After a long day training to be deployed to Iraq, Navy reservist Mark Lippert unlaces his desert boots and pulls out a BlackBerry email device from his dusty backpack.
Checking his messages, he spots an email from the presidential candidate Sen. Barack Obama: "I miss you, brother."
Mr. Lippert, a lieutenant junior grade sporting a buzz-cut and desert camouflage, is training here before being shipped out to Iraq, where he will serve as an intelligence officer for the Navy SEALs. In his civilian life, he is the chief foreign-policy adviser for Sen. Obama -- the Democrat whose most well-known foreign-policy stance is his opposition to the Iraq War Lt. Lippert is about to join.
Sen. Obama not only opposes the war, he has tried to distinguish himself in the Democratic field by stressing that he alone among the major candidates opposed it from the outset. And Lt. Lippert, 34 years old, has helped hone those views, particularly on a pullout of American troops, even as he prepared to go to war.
Since being called up for active duty and going on the Navy payroll, Lt. Lippert won't talk about his views on the war. "Now isn't the time for me to debate Iraq policy," Lt. Lippert says in an interview. "My job is to serve my country and to execute the decision of the commander-in-chief."

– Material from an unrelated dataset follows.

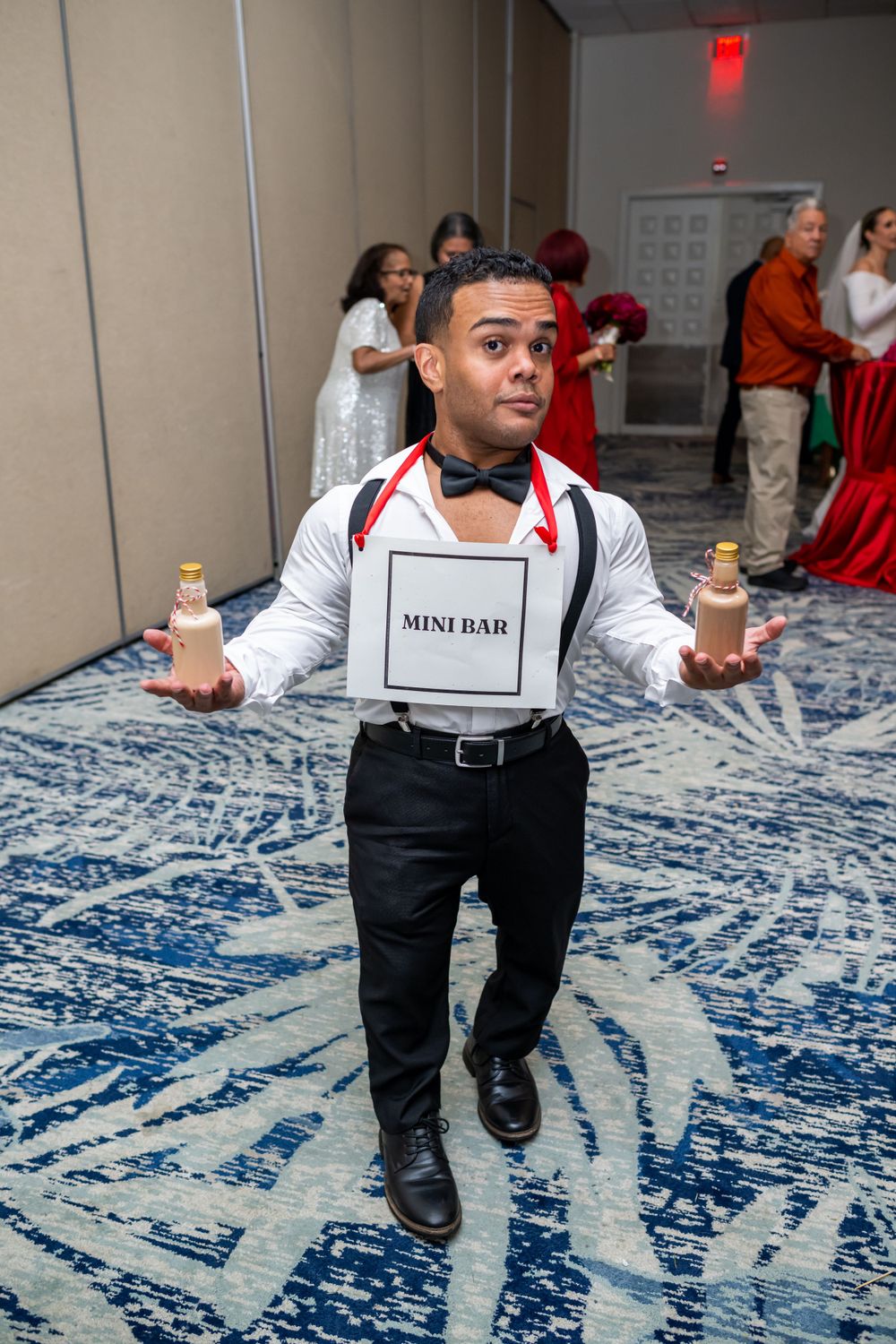 Event staff member wearing a 'Mini Bar' sign performing service duties on blue patterned carpet.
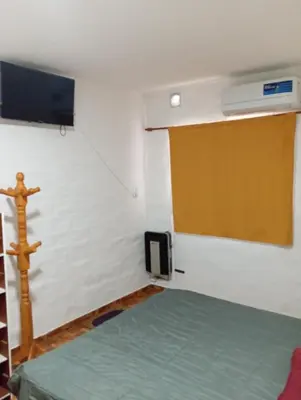 a room with a bed and a tv on a wall at Sierras Altas Alojamientos in Villa Carlos Paz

However, friends say that Lt. Lippert, from a family with a long military history, joined the Navy Reserve in 2005 even though he knew the deteriorating situation in Iraq meant the odds of fighting in the war were high. "Mark knew that he probably would be called to active duty," says his fiancée, Robyn Schmidek. "It's not the war he would have scripted, but he felt a higher calling to support the troops."